School count Total undergrads (in millions) Percent of total US undergrads Average undergrads per school
Rank Type
Top 50 Universities 50 0.60 7.11 11999
Top 50 Colleges 43 0.09 1.12 2194
National Universities 237 3.54 41.91 14918
National Liberal Arts Colleges 160 0.24 2.87 1511
Regional Universities 556 2.62 31.07 4715
Regional Colleges 202 0.39 4.64 1938
Unranked Schools 428 0.95 11.29 2225
All Schools 1676 8.44 100.00 5034

If you attended a Top 50 University or Top 50 College - congratulations! Only ~8% of undergraduates are attending such schools. Coupled with the fact only 33% of Americans over 25 years old have earned a bachelor's degree, that would put you in the 2.6% educated elite of the American population. If your professional and personal social groups consist mostly of other educated elite, consider the strength of the filter bubble through which you are experiencing American society, and consider how radically different the perspectives could be that come from the bubbles of other people.

The overwhelming majority of Americans do not have a bachelor's degree. But of those that are working toward one, ~73% are in a non-Top 50 US News ranked University, either National or Regional, whereas only ~8% are in what US News calls a ranked College.

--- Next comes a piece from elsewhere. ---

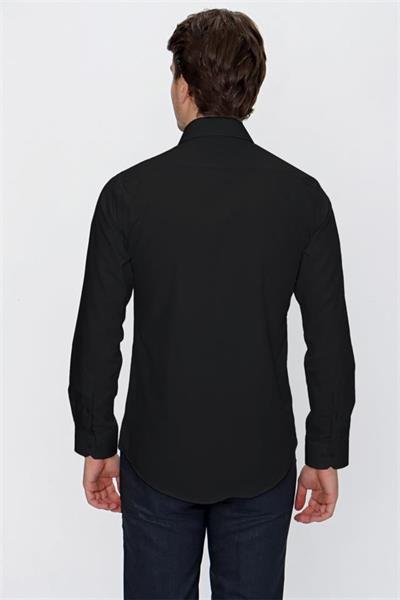 Siyah Uzun Kol Düz Bez Ayağı 041 Sert Yaka Basic Slim Fit Gömlek 1004245057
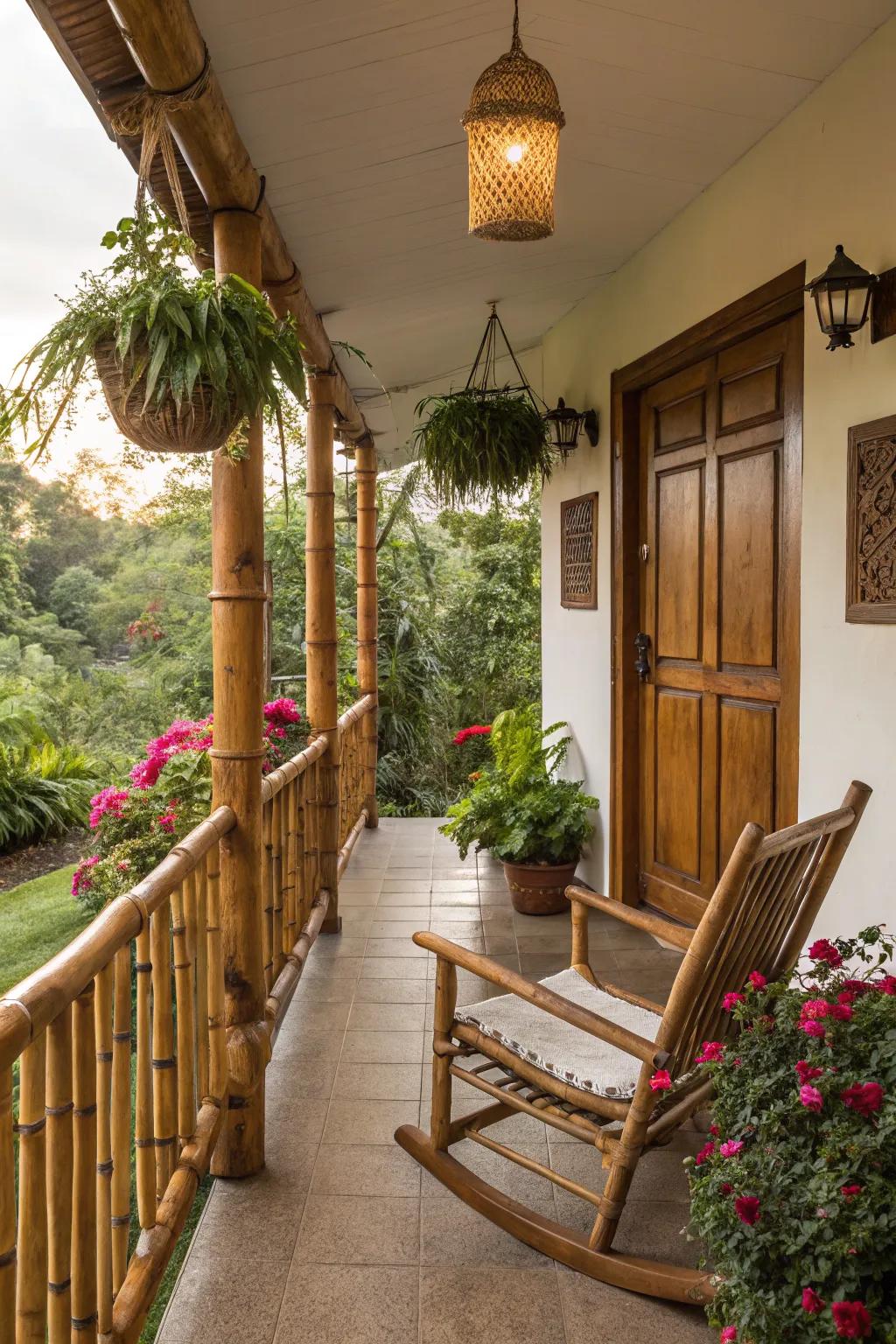 Natural elements like bamboo add a bohemian touch to your porch.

At 15,000 students per school on average, the largest schools are the National Universities, nearly 3 times as large as typical Regional Universities, and 10 times as large as National Liberal Arts Colleges.

In total, I have an estimated count of 8.44 million students currently enrolled in these four year institutions. According to the National Center for Education Statistics, there are 9.48 million students projected to attend 4 year colleges full time in 2018, making my total ~10% short. This ~1 million student gap could be due to me previously dropping coeducational schools, dropping schools missing all enrollment data, and not having information from schools that had no CollegeData.com or US News entries to scrape.

I would imagine the majority of the unaccounted ~1 million undergraduates are enrolled in schools similar to those in the Unranked Schools category. If true, it would further lower the previously mentioned percentages.


Applicant SAT scores

We have data for the mean GPA, ACT, and SAT scores of the Enrolled freshmen, as well as the portion of the Enrolled freshmen that were ranked in the Top 10th Percent and the Bottom 50th Percent:

cols = ['GPA','ACT','SAT','HS Rank']
corr = df[cols].corr()

mask = np.zeros_like(corr, dtype=np.bool)
mask[np.triu_indices_from(mask)] = True

# Set up the matplotlib figure
f, ax = plt.subplots(figsize=(6, 6))


sns.heatmap(corr, mask=mask, center=0, cmap='RdBu', annot=True, cbar=False,
            fmt=".2f", square=True, linewidths=.5)
plt.title('Pearson correlation coefficients,\nenrolled freshmen academics')
plt.xlabel('')
plt.ylabel('')
plt.show()

These quantities all so strongly correlate with each other that I will use the only the SAT Math Mean going forward to represent the academic strength of the Enrolled freshmen.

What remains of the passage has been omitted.